Measuring the Latino vote ahead of Election Day 2016

- There aren't too many political yard signs in the heavily Latino southeast side of Houston. A Republican sign sits in Saul Cruz's yard.  He can't vote, but if he could, he'd vote Democratic.

“Hillary,  because I'd never vote for a Republican," Cruz said.

The Democrats hope there are plenty more Latinos like Cruz who can vote.

According to the Pew Research Center, there are 27.3 million Latino eligible voters. That's 12 percent of the electorate. Since 2012, the number of eligible voters have increased by 4 million, a 37 percent increase.
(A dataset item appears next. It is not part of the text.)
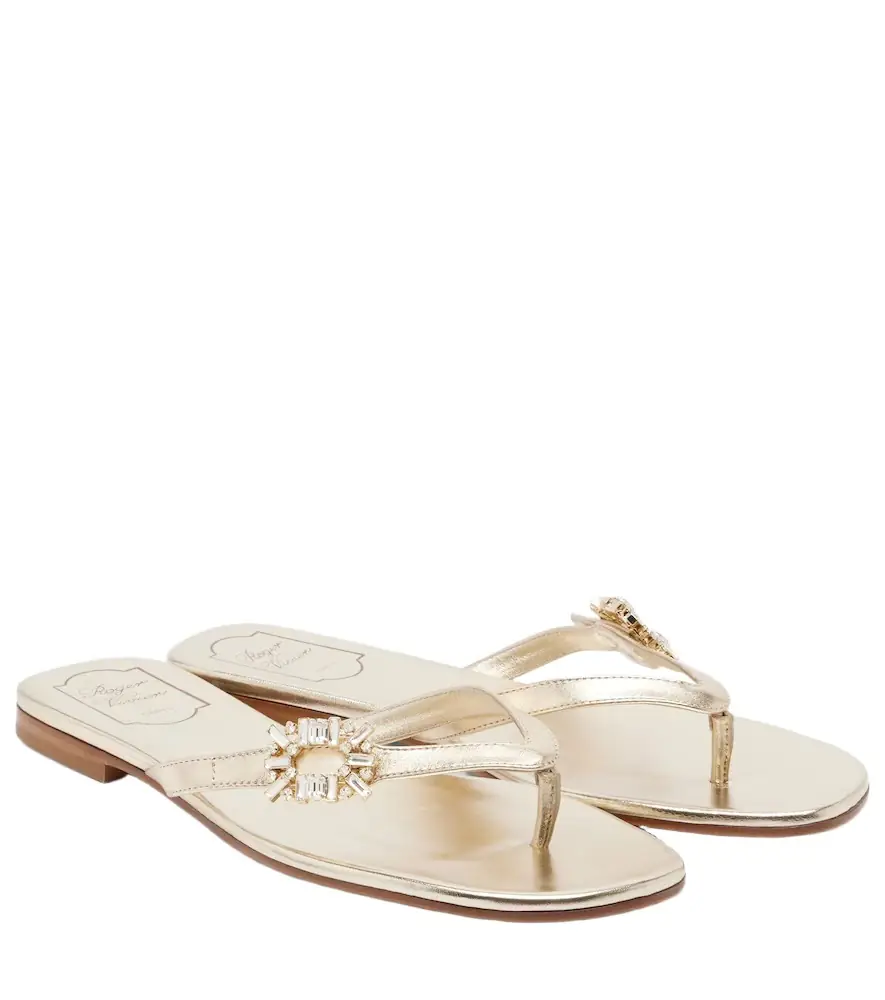 Roger Vivier Embellished metallic leather thong sandals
Latinos have traditionally voted democratic, and anecdotal evidence seems to be bearing that out again.

"I actually think that it's important to vote always," Diana Trevino said.  "But yeah, this time around more Latinos are voting. I think it's because of Trump."
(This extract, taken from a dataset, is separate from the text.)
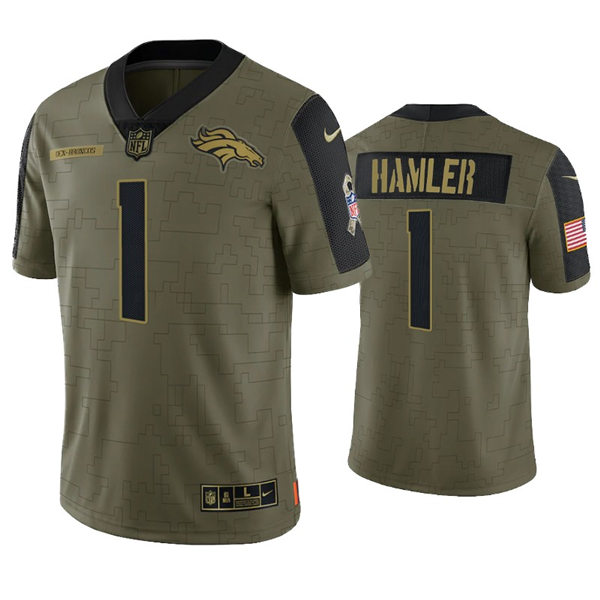 Mens Denver Broncos #1 K. J. Hamler Nike Olive 2021 Salute To Service Limited Jersey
Early polling data shows Latinos are voting in larger numbers than before, especially in battle ground states, and they're voting for Hillary. Many of them say it's because of statements made by Donald Trump about immigrants more than anything else. But to quote Yogi Berra, "It aint over till it's over."
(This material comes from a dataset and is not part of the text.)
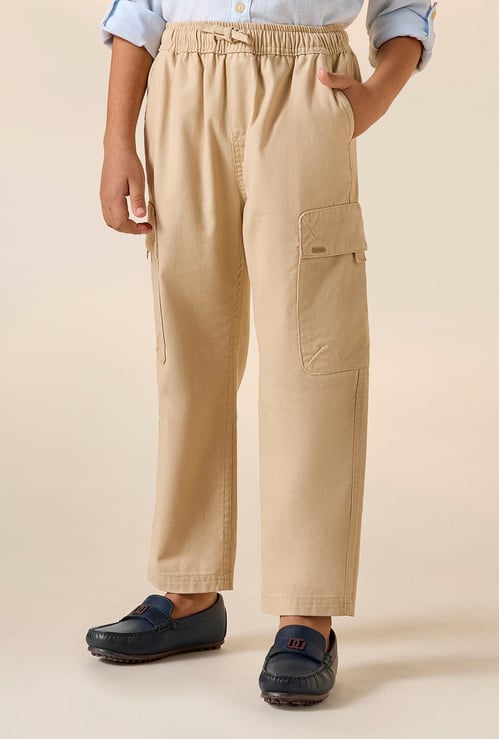 Juniors Solid Cargo Pants with Drawstring Closure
Latino Millennials don’t back Hillary as strongly as their parents and grandparents. That’s why Democratic Party rock stars like the Castro Brothers are doing a little last minute stumping for Hillary Clinton.

“We hope we can get everyone out to vote," said Julian Castro. "We hope they'll support Hillary Clinton, but the fact is, in Texas we want as many people to vote as possible. Only 32 percent of Texans voted in 2014.”

But according to some political analysts, Texas Latinos stay away in droves come Election Day.